Tyler told the Athens Kiwanis on Tuesday that as the AgriLife Extension Agent for Family and Community Health, her job reaches into many areas of home life.

"I like to say that I'm the Life in AgriLife," Tyler said. "I program to anything that's going to affect the family."

She is one of three county agents based in the Athens extension office. The others are Spencer Perkins, who deals mainly with agriculture and Angela Hemphill, who is heavily involved in youth and 4-H activities.

"We're very fortunate that we can be diversified and plugged in to different areas of our community and reach a broader audience," Tyler said.

Tyler's realm includes healthy lifestyle and food preparation, nutritional education, chronic disease management and prevention and child passenger safety.

Tyler said she presents a federally funded program called "Better Living for Texans."

"In Henderson County there are more than 18,000 people who receive some kind of supplemental nutrition assistance, such as food stamps.

"The goal of this program is to teach those families how to stretch their family food dollar and incorporate more fruits and vegetables into their diet," Tyler said.

Tyler said diabetes is a serious health concern, with more than 6,200 residents in Henderson County dealing with its effects. Tyler's office offers "Do Well Be Well" classes presented by health care specialists. In 2019, 15 people completed the course and all showed an improvement in their blood glucose levels by the end of the month of classes. All of the participants rated the class as excellent or good.
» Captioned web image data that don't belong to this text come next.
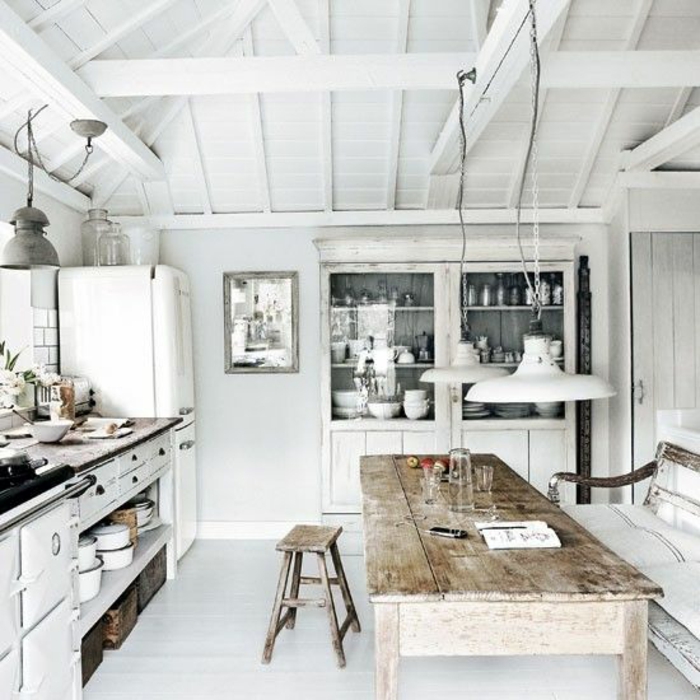 offene Küche Ideen Küchenbilder im rustikalen Stil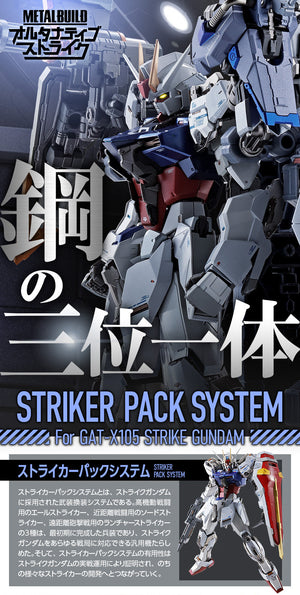 METAL BUILD Sword Striker Pack (July & August Ship Date)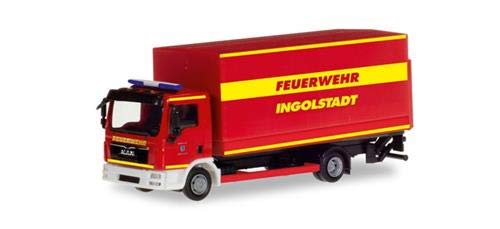 herpa Man TGL Planen-LKW mit Ladebordwand Feuerwehr Ingolstadt von herpa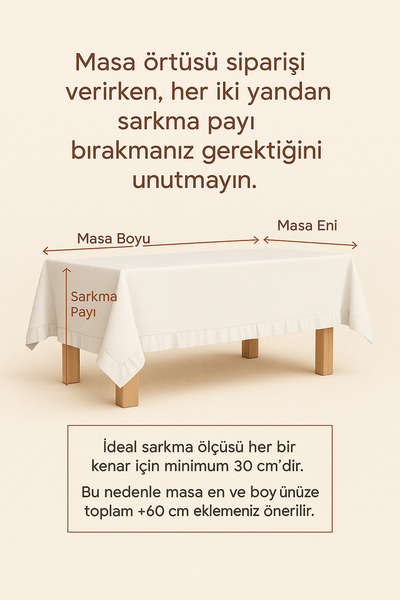 Mirilliahome Ruffled Raw Linen Tablecloth – Green Tablecloth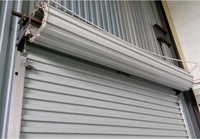 Rouleaux robustes, portes enroulables en aluminium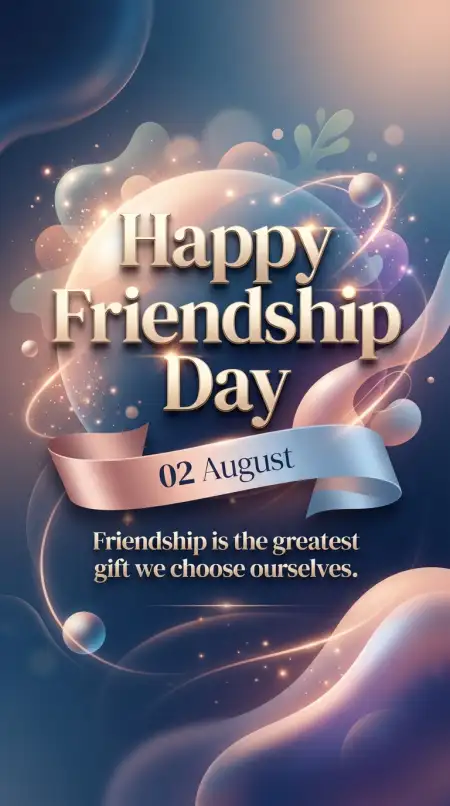 Free Friendship Day 2026 Creative Poster Template Image Download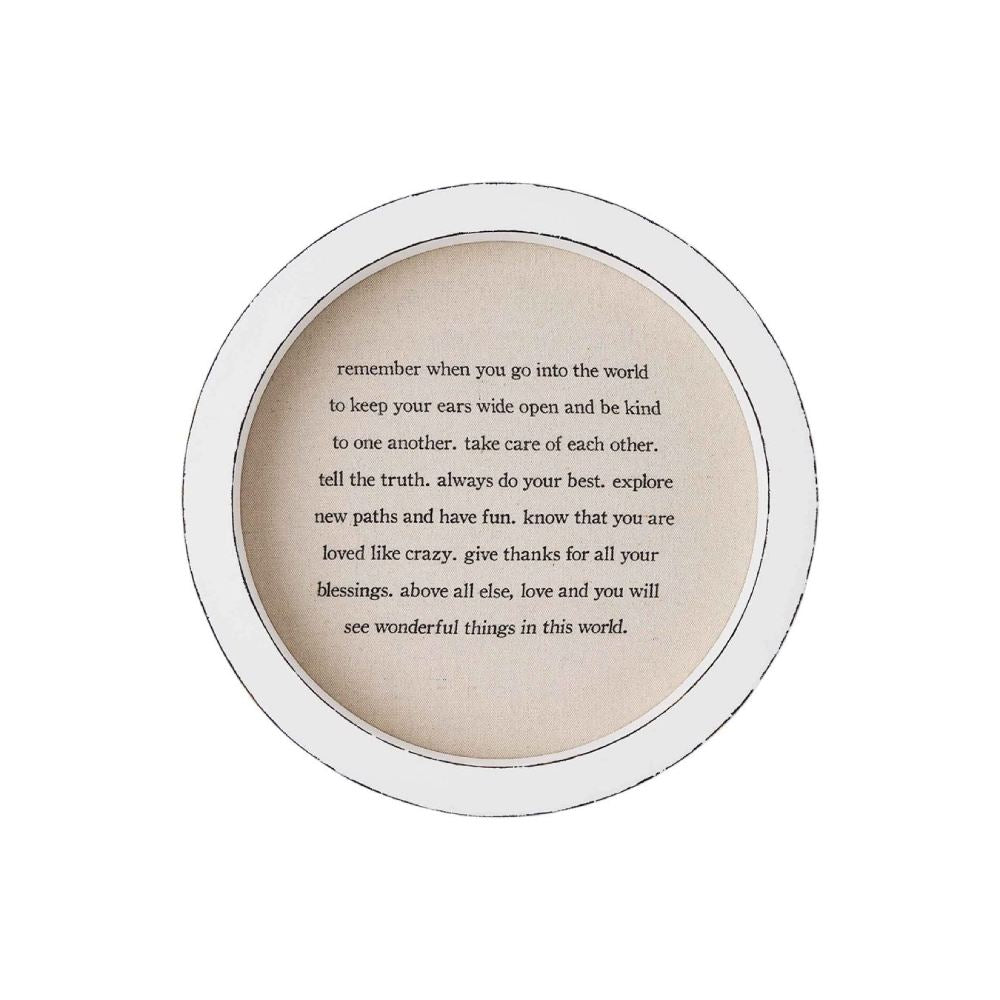 Mud Pie Go Into The World Plaque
A new class offered last year, Tyler said, was "Cooking Well With Diabetes." The participants learned about carbohydrate foods, healthy side dishes and how to celebrate sensibly."

Also dealing with food, AgriLife offered a Food Handler's Certification Course. The course was given to 78 people who obtained a food handler's certification.

One of the favorite programs I do is go into the schools for a program called "Learn Grow Eat Go," Tyler said.

The course teaches the students how to grow a vegetable garden.

"They plant their seeds on a paper towel so it's properly spaced," Tyler said.

The students taste fruits and vegetables and learn that they might like it steamed, or prepared in a way they haven't experienced before.

In 2019, AgriLife also offered community child car seat check up events. There were 21 inspections given in which no child was found correctly restrained. A total of 16 new car seats were issued for the sake of the children's safety.